FASB’s proposal would delay more onerous accounting treatment that borrowers with legacy LIBOR loans would otherwise likely face. With the relief, borrowers that switch existing LIBOR-linked debt to a new benchmark would continue to be able to treat the loan change as a modification rather than having to test to determine whether to account for the instrument as a new loan, experts say.
The Mortgage Bankers Association, the American Bankers Association, the International Swaps and Derivative Association (ISDA) along with accounting firms EY, PricewaterhouseCoopers and Deloitte are among the financial sector players that outlined their backing of the extension of the relief plan. Still, at least one firm suggested the extension may not be long enough.
“There are reference rates that are not expected to become unrepresentative until closer to this date, which may not give entities with exposure to those rates ample time to facilitate completing their reference rate reform activities,” Dan Gentzel, managing director of global hedge accounting at Chatham Financial wrote on June 2. “As a result, we believe the Board should continue to monitor global reference rate reform activities and consider extending the sunset date further to provide impacted entities with additional time to modify contracts.”
Respondents expressed more concern about a related accounting update proposed by FASB to revise the definition of the term Secured Overnight Financial Rate (SOFR) and Secured Overnight Index Swap Rate (SOFR Swap Rate). SOFR is the Fed’s preferred LIBOR replacement.

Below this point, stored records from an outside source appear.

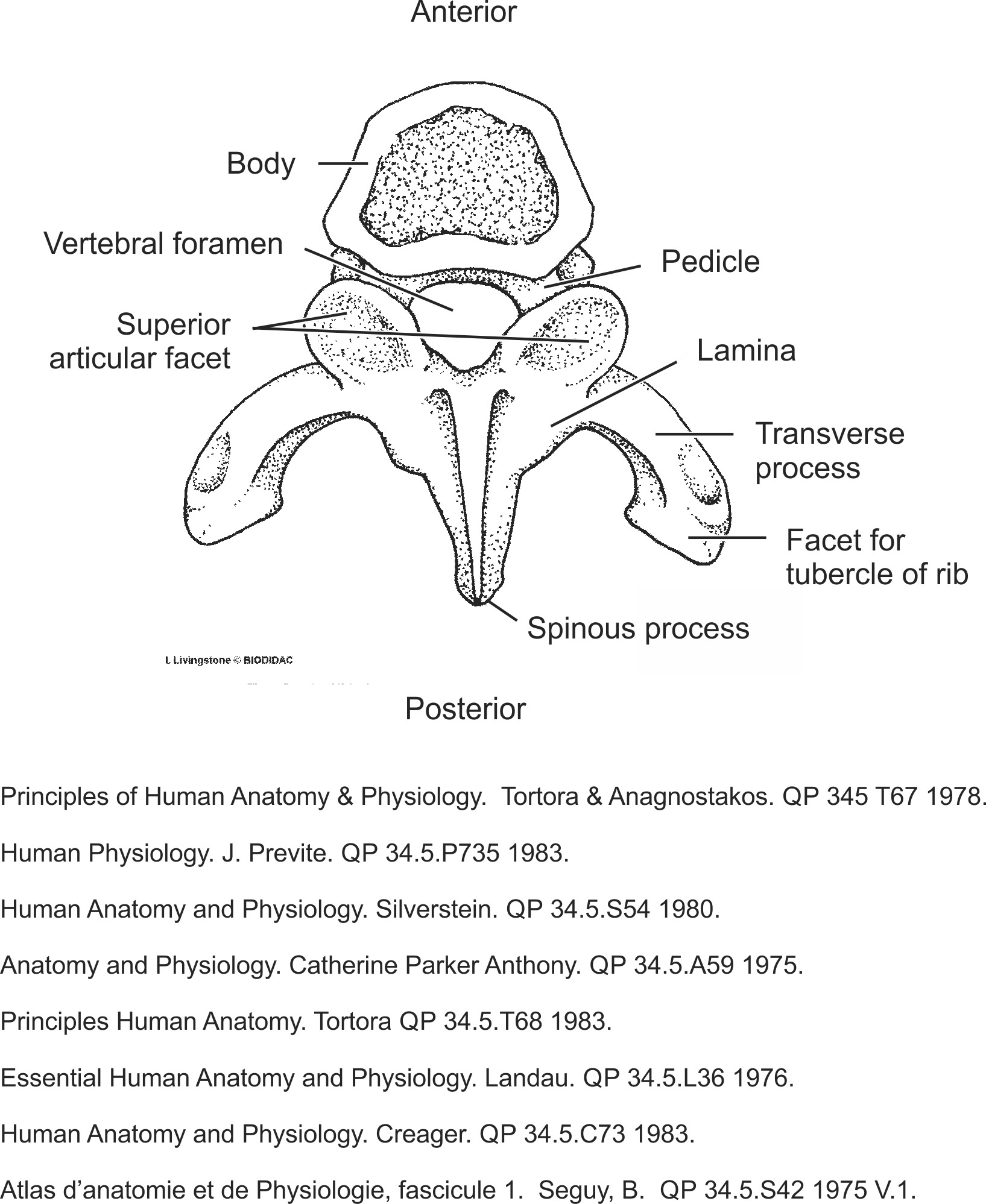 humn079b-EN.png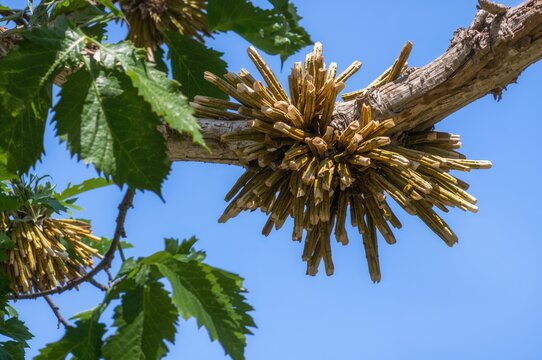 Natural shellac extracted from tree branches as a brush-on dye, food coating, and wood finish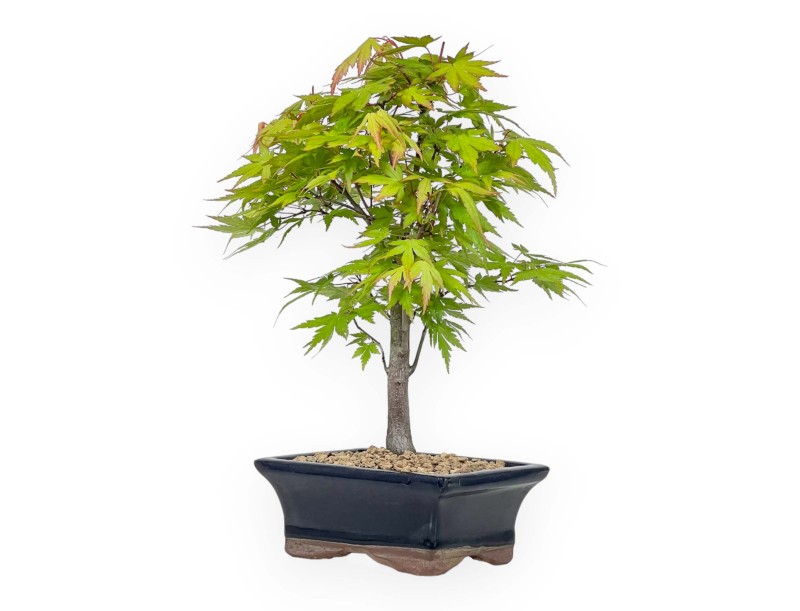 Acer Palmatum Katsura - Ahorn - 33 cm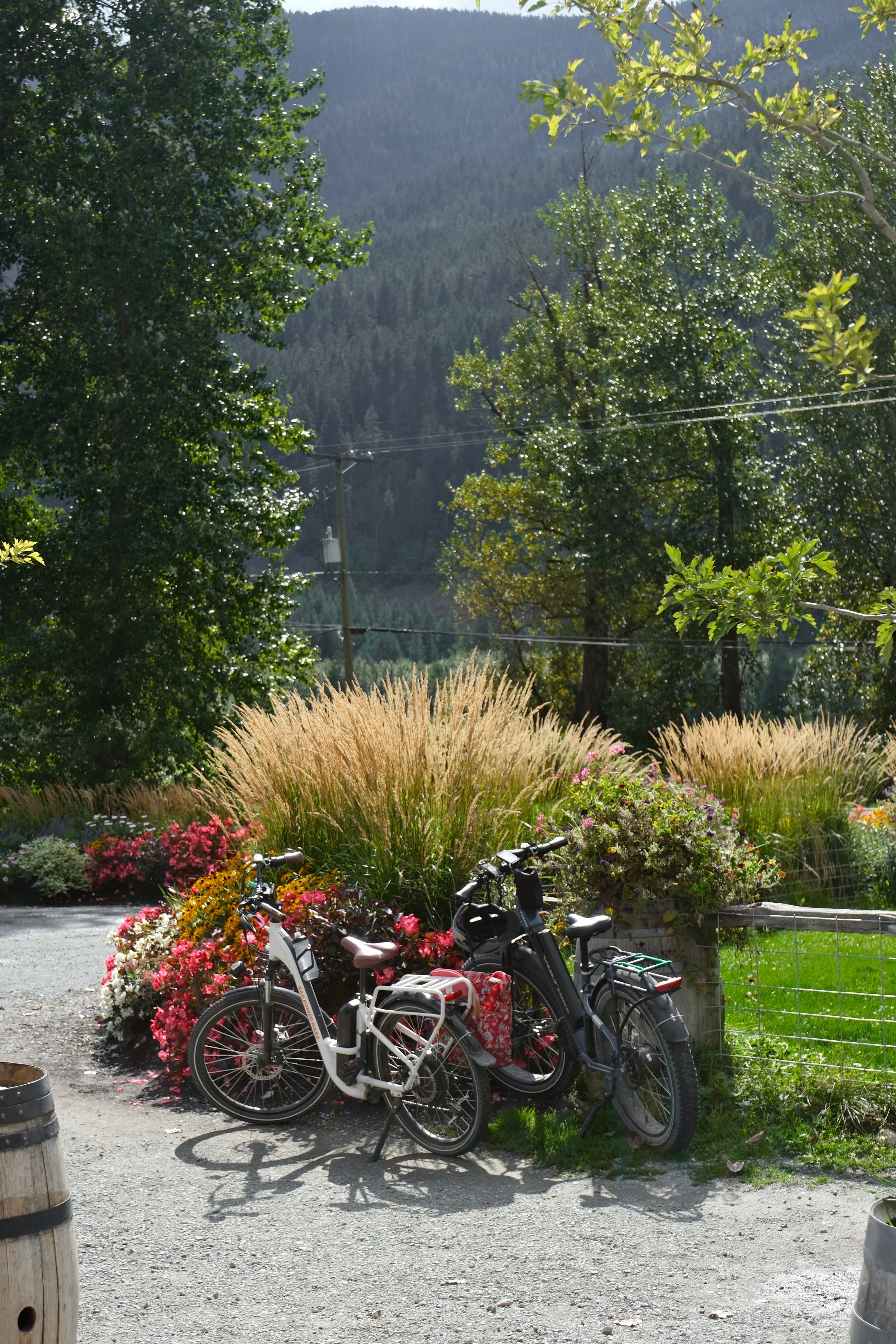 pemberton-60.jpg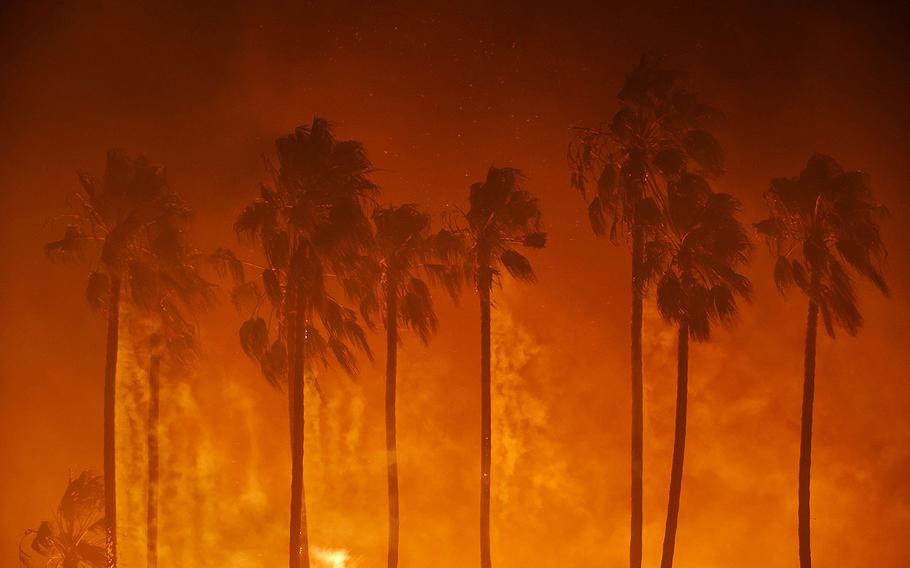 Smoke blows out of the burning palm trees as brush fire threaten homes in Ventura, Calif., on Tuesday, Dec. 5, 2017.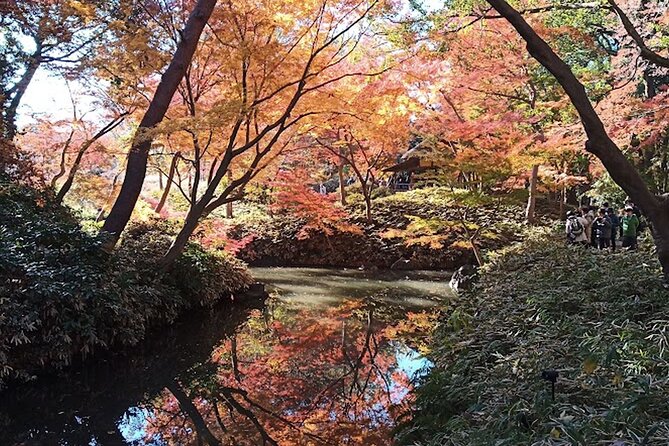 Walking tour, Tokyo Great Buddha, Botanical Garden, etc. - Key points at a glance
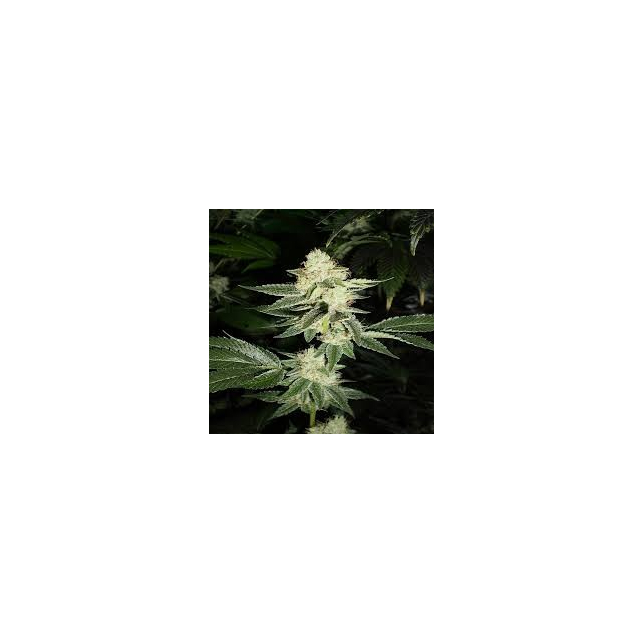 Louis XIII OG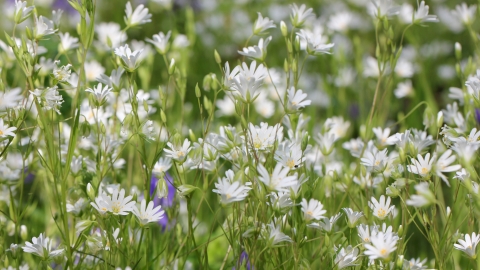 Greater Stitchwort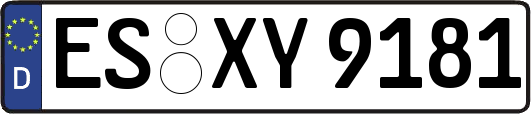 ES-XY9181
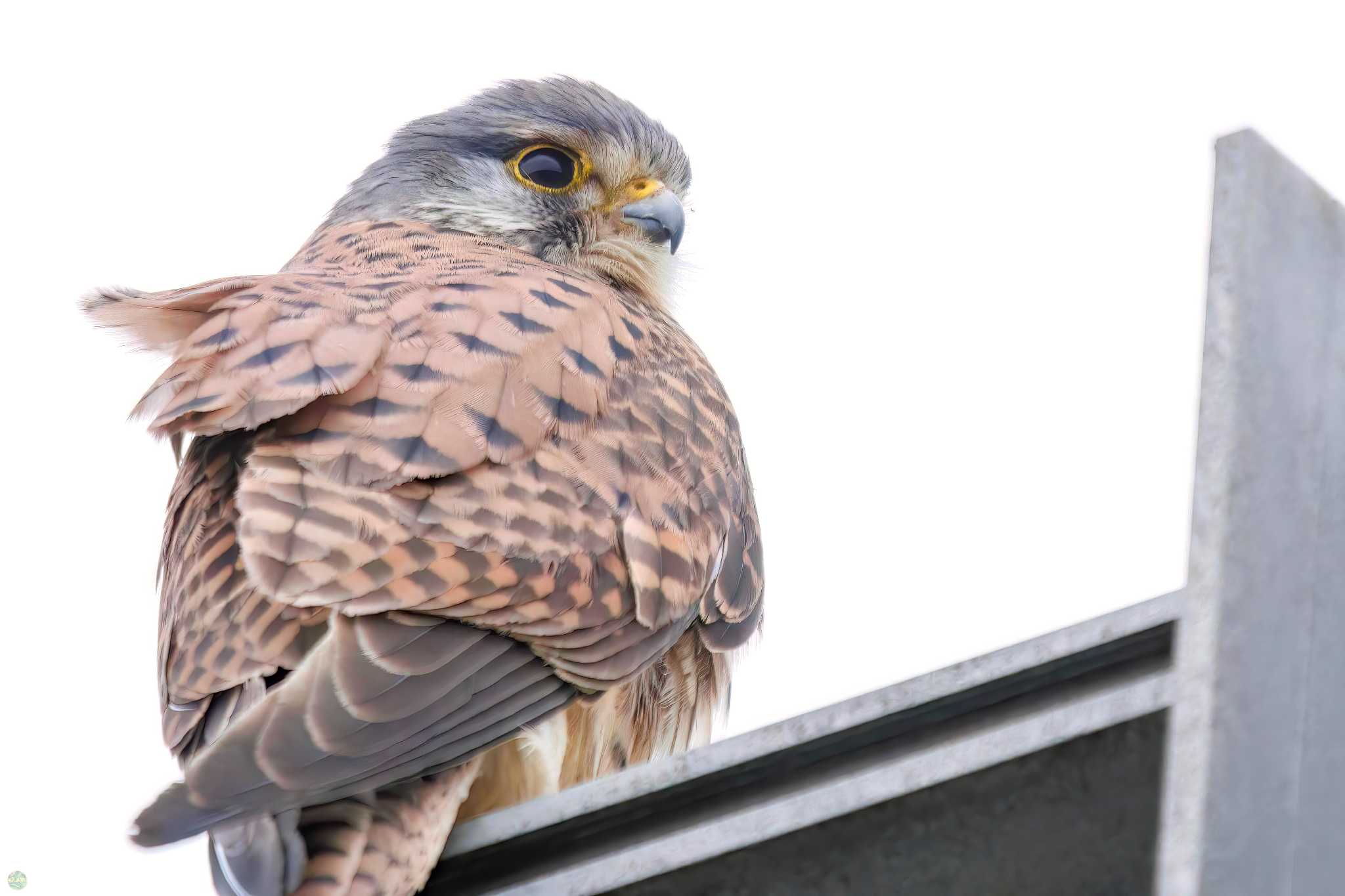 Photo of Common Kestrel at 吉川公園 by d3_plus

The issue stems from an update made in 2018 before LIBOR phaseout began. At that time the board added the SOFR term to the codification, a step that enabled the SOFR Swap Rate to be considered a benchmark rate that is eligible to be designated as a hedged risk for fixed-rate financial instruments, according to a FASB report on the matter.
However, the earlier update did not include the forward-looking, term-based version of the SOFR rate because no cash or derivative instruments were at that time indexed to SOFR. Now the board has proposed to include under the definition of the SOFR Swap Rate other rates based on SOFR such as SOFR term.
A number of respondents said more clarity was needed and suggested the current definition was still too limiting and potentially confusing given the emergence of related but different benchmarks to replace LIBOR. The CME Group in a June 6 letter suggested that benchmark’s name be modified to be described as Term SOFR or preferably CME Term SOFR, given that the CME benchmarks are “rapidly growing in usage.” Over $1.6 trillion in loans reference the CME Term SOFR benchmarks, the letter states, citing data from Refinitiv Deal Screener.
“As written, we believe there could be different interpretations regarding whether only SOFR OIS [overnight index swap] and the SOFR term rate are permissible or other SOFR OIS based rates are also permissible,” the June 6 letter from CME Group Senior Managing Director Sean Tully states. “We believe that market participants would be better served by a more industry-aligned and descriptive phrase than ‘SOFR term’.”